The data beneath this task is to be duplicated exactly, in its entirety.

*Material to process*.
────────────────────────────────────────
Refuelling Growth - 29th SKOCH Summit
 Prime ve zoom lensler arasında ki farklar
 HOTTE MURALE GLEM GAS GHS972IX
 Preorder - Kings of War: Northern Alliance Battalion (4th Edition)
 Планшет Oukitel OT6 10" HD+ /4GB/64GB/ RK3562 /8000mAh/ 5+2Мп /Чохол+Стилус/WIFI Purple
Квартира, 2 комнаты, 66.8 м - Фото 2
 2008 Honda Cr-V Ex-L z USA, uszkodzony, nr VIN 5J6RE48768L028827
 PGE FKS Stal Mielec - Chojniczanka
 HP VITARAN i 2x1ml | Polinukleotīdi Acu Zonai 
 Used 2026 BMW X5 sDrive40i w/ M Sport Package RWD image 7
────────────────────────────────────────
*Solution*.
Refuelling Growth - 29th SKOCH Summit
 Prime ve zoom lensler arasında ki farklar
 HOTTE MURALE GLEM GAS GHS972IX
 Preorder - Kings of War: Northern Alliance Battalion (4th Edition)
 Планшет Oukitel OT6 10" HD+ /4GB/64GB/ RK3562 /8000mAh/ 5+2Мп /Чохол+Стилус/WIFI Purple
Квартира, 2 комнаты, 66.8 м - Фото 2
 2008 Honda Cr-V Ex-L z USA, uszkodzony, nr VIN 5J6RE48768L028827
 PGE FKS Stal Mielec - Chojniczanka
 HP VITARAN i 2x1ml | Polinukleotīdi Acu Zonai 
 Used 2026 BMW X5 sDrive40i w/ M Sport Package RWD image 7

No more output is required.